**Description of the task**
Please set down only the lines below starting with the line with "Audi A6 C8 stationwagon" and going on through the line with "808 Live Oak", verbatim and without pictures.

**Exercise data**
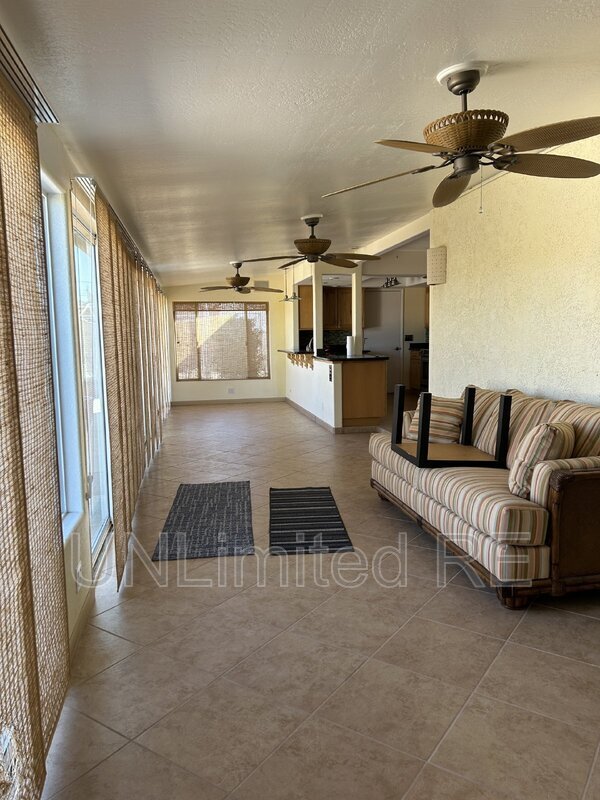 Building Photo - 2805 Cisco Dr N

* * *

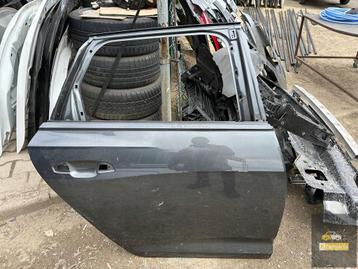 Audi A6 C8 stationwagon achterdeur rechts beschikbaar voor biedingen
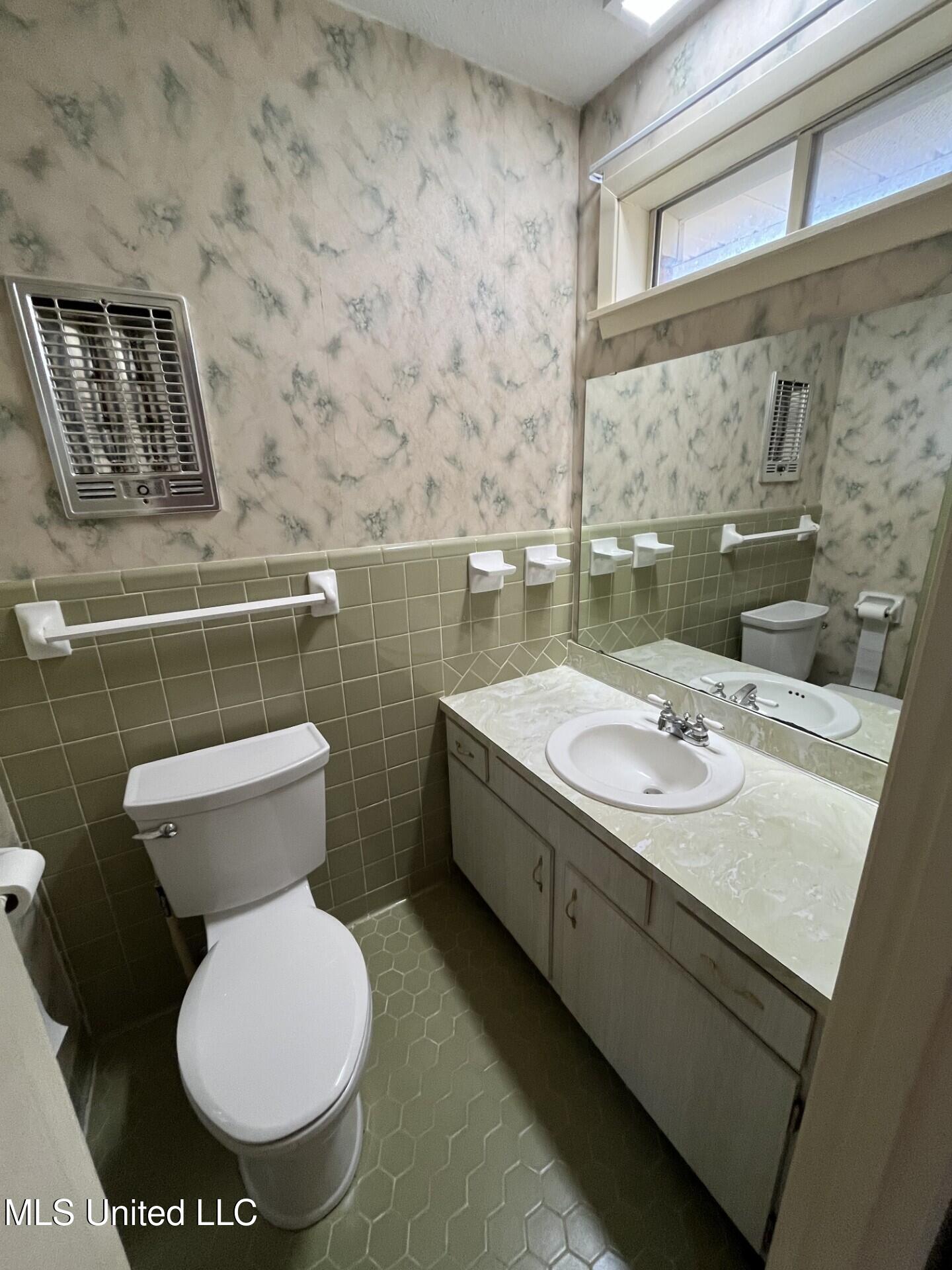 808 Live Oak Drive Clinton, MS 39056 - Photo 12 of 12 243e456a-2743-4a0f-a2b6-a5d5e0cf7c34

**Your solution**
 Audi A6 C8 stationwagon achterdeur rechts beschikbaar voor biedingen
 808 Live Oak Drive Clinton, MS 39056 - Photo 12 of 12 243e456a-2743-4a0f-a2b6-a5d5e0cf7c34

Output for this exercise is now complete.